• [About this exercise]
Among the records that follow, set down only the lines from the one containing "ARIEL Taylor 48-inch" to the one containing "Placa de madera", both included, exactly.
------ Records for this task
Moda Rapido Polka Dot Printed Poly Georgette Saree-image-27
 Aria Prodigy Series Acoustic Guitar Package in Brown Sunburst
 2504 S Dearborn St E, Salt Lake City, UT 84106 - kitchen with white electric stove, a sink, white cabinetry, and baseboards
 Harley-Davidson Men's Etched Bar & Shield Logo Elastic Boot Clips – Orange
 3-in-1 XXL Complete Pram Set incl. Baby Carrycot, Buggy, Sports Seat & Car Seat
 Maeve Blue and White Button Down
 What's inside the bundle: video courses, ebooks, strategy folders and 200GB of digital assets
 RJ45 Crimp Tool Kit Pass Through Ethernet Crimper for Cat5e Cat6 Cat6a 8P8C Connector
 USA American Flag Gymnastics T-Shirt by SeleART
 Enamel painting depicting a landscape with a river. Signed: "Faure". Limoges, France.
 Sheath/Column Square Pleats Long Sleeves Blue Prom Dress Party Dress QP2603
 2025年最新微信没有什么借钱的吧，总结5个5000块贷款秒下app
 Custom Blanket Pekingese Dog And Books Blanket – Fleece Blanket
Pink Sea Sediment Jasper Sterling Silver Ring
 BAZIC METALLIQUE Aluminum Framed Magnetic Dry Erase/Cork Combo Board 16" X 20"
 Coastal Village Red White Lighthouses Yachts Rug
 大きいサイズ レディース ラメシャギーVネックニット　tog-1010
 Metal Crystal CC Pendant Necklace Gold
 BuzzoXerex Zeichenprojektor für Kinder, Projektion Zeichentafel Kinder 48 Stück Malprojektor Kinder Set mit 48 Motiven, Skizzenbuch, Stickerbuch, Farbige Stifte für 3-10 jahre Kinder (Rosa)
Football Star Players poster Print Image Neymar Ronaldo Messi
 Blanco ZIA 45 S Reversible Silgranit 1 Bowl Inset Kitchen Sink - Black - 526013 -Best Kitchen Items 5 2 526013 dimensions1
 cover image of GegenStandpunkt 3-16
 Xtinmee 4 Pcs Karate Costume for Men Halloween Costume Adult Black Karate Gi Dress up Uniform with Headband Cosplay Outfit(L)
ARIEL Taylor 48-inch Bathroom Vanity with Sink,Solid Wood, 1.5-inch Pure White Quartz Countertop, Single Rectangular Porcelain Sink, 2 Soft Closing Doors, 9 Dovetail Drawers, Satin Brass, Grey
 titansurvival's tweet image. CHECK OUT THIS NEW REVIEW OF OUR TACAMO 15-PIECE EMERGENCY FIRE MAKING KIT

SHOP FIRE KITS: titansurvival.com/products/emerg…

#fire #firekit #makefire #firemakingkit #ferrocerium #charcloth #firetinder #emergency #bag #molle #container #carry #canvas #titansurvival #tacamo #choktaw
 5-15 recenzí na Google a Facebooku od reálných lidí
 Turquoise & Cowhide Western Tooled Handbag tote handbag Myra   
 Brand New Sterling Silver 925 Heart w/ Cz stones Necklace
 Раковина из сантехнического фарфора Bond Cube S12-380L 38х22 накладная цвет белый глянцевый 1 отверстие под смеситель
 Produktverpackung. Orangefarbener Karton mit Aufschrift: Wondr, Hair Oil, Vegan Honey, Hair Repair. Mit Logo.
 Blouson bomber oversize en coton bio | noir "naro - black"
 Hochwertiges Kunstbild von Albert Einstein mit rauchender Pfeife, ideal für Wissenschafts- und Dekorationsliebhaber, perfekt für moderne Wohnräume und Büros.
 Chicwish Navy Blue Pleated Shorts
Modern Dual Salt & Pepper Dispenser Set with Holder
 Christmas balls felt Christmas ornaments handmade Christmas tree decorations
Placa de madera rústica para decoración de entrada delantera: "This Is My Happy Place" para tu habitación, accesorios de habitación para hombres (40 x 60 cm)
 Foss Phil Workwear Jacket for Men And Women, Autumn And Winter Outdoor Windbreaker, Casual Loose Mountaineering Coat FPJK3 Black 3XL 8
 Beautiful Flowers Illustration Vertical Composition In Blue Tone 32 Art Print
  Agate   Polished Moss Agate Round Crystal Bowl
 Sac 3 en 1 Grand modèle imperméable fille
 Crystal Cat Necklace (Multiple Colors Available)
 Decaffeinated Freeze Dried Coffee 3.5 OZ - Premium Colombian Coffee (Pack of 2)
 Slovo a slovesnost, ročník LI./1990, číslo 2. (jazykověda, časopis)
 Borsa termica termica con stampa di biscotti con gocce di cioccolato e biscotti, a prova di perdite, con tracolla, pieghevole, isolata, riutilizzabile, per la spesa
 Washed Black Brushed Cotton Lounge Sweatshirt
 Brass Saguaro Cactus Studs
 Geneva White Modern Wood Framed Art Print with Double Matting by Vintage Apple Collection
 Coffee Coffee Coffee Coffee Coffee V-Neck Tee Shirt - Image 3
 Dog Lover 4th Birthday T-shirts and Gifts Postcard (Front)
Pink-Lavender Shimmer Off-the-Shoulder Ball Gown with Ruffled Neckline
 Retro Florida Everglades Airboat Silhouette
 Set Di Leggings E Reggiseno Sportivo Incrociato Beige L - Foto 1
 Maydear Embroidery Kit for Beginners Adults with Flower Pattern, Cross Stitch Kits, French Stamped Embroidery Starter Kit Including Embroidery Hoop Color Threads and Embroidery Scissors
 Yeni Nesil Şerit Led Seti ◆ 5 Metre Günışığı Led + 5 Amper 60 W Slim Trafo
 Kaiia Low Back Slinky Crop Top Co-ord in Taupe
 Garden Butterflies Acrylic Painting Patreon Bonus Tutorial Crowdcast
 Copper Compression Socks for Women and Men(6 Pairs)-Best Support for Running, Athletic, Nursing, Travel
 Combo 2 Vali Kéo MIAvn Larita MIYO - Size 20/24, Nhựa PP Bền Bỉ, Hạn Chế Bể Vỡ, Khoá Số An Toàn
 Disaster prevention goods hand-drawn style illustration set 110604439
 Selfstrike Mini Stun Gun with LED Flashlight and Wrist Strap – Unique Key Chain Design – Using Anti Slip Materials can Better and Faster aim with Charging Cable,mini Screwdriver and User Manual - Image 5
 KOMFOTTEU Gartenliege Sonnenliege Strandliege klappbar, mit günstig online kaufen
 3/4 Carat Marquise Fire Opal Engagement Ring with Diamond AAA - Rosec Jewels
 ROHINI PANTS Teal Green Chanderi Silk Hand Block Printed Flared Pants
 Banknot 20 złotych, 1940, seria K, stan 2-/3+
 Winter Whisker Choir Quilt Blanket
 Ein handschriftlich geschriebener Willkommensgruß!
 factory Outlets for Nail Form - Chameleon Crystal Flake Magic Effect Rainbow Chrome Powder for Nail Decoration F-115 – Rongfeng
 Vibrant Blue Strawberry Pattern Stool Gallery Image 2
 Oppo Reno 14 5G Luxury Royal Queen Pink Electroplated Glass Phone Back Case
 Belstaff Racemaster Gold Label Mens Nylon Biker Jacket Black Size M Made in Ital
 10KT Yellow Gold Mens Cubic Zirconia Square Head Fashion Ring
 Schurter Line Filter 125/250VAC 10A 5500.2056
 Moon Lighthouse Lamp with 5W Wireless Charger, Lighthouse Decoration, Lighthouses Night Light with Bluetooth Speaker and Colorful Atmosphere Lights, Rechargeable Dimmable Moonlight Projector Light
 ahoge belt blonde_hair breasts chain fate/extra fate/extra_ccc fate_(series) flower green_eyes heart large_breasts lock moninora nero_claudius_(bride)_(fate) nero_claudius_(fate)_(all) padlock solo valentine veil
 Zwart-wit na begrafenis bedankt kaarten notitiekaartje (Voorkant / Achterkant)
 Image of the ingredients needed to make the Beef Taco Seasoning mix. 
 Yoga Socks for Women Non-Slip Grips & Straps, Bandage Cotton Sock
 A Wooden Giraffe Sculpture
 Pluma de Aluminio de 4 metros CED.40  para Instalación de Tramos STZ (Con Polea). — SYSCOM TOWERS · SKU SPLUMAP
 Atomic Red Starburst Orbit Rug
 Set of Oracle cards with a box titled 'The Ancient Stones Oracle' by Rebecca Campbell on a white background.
------------
• [Task answer]
ARIEL Taylor 48-inch Bathroom Vanity with Sink,Solid Wood, 1.5-inch Pure White Quartz Countertop, Single Rectangular Porcelain Sink, 2 Soft Closing Doors, 9 Dovetail Drawers, Satin Brass, Grey
 titansurvival's tweet image. CHECK OUT THIS NEW REVIEW OF OUR TACAMO 15-PIECE EMERGENCY FIRE MAKING KIT

SHOP FIRE KITS: titansurvival.com/products/emerg…

#fire #firekit #makefire #firemakingkit #ferrocerium #charcloth #firetinder #emergency #bag #molle #container #carry #canvas #titansurvival #tacamo #choktaw
 5-15 recenzí na Google a Facebooku od reálných lidí
 Turquoise & Cowhide Western Tooled Handbag tote handbag Myra   
 Brand New Sterling Silver 925 Heart w/ Cz stones Necklace
 Раковина из сантехнического фарфора Bond Cube S12-380L 38х22 накладная цвет белый глянцевый 1 отверстие под смеситель
 Produktverpackung. Orangefarbener Karton mit Aufschrift: Wondr, Hair Oil, Vegan Honey, Hair Repair. Mit Logo.
 Blouson bomber oversize en coton bio | noir "naro - black"
 Hochwertiges Kunstbild von Albert Einstein mit rauchender Pfeife, ideal für Wissenschafts- und Dekorationsliebhaber, perfekt für moderne Wohnräume und Büros.
 Chicwish Navy Blue Pleated Shorts
Modern Dual Salt & Pepper Dispenser Set with Holder
 Christmas balls felt Christmas ornaments handmade Christmas tree decorations
Placa de madera rústica para decoración de entrada delantera: "This Is My Happy Place" para tu habitación, accesorios de habitación para hombres (40 x 60 cm)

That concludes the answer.